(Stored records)
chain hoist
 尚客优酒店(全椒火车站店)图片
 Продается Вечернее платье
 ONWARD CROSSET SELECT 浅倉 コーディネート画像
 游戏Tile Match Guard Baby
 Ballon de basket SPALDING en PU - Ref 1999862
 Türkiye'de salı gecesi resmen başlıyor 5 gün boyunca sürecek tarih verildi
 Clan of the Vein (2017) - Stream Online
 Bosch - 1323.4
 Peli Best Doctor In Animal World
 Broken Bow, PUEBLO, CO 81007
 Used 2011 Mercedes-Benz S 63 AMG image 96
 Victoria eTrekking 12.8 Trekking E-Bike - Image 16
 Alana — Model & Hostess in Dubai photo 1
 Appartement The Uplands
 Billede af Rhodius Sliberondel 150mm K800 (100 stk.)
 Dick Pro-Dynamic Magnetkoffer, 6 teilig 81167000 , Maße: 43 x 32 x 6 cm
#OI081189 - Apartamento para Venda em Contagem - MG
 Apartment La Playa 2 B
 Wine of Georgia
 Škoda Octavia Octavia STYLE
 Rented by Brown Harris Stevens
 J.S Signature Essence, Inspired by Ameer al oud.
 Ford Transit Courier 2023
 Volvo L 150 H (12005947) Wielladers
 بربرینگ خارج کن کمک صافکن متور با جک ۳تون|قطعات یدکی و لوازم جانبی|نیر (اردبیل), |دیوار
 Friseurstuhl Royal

> [Required action]: Starting at the line that has "尚客优酒店(全椒火车站店)图片" and ending at the line that has "Dick Pro-Dynamic Magnetkoffer, 6", please write out the lines above exactly, leaving out all others.

> [Expected answer]:
 尚客优酒店(全椒火车站店)图片
 Продается Вечернее платье
 ONWARD CROSSET SELECT 浅倉 コーディネート画像
 游戏Tile Match Guard Baby
 Ballon de basket SPALDING en PU - Ref 1999862
 Türkiye'de salı gecesi resmen başlıyor 5 gün boyunca sürecek tarih verildi
 Clan of the Vein (2017) - Stream Online
 Bosch - 1323.4
 Peli Best Doctor In Animal World
 Broken Bow, PUEBLO, CO 81007
 Used 2011 Mercedes-Benz S 63 AMG image 96
 Victoria eTrekking 12.8 Trekking E-Bike - Image 16
 Alana — Model & Hostess in Dubai photo 1
 Appartement The Uplands
 Billede af Rhodius Sliberondel 150mm K800 (100 stk.)
 Dick Pro-Dynamic Magnetkoffer, 6 teilig 81167000 , Maße: 43 x 32 x 6 cm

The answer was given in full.